▶ [Data shown]
=-=-=-=-=

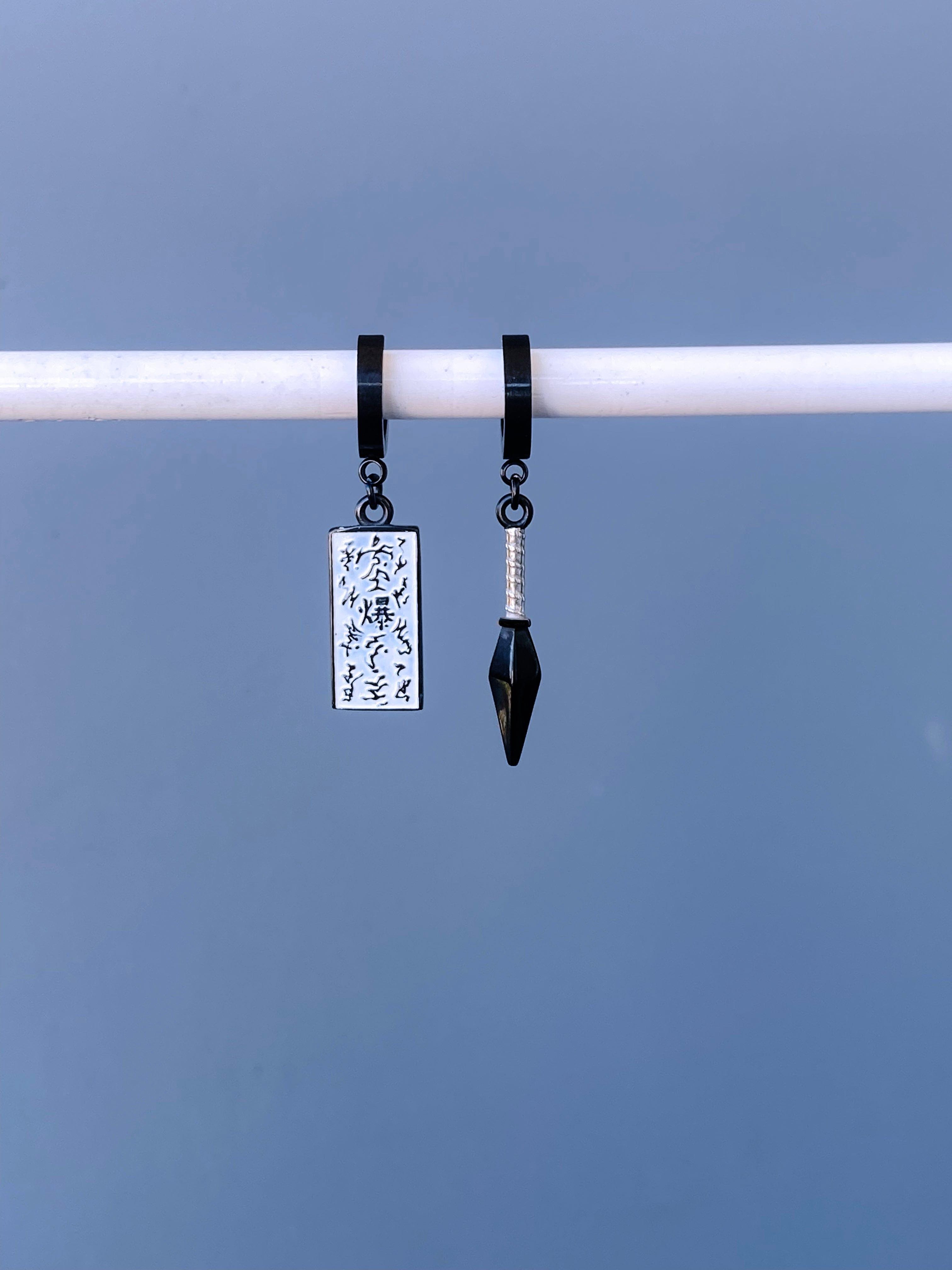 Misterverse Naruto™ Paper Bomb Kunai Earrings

=-=-=-=-=

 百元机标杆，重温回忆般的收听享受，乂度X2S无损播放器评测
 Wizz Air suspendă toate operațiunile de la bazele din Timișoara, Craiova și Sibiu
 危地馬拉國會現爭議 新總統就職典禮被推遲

=-=-=-=-=

▶ [Assigned task]
Could you return exactly the lines above from the line with "Wizz Air suspendă" to the line with "危地馬拉國會現爭議 新總統就職典禮被推遲", both included, and nothing else?

▶ [Reply]
 Wizz Air suspendă toate operațiunile de la bazele din Timișoara, Craiova și Sibiu
 危地馬拉國會現爭議 新總統就職典禮被推遲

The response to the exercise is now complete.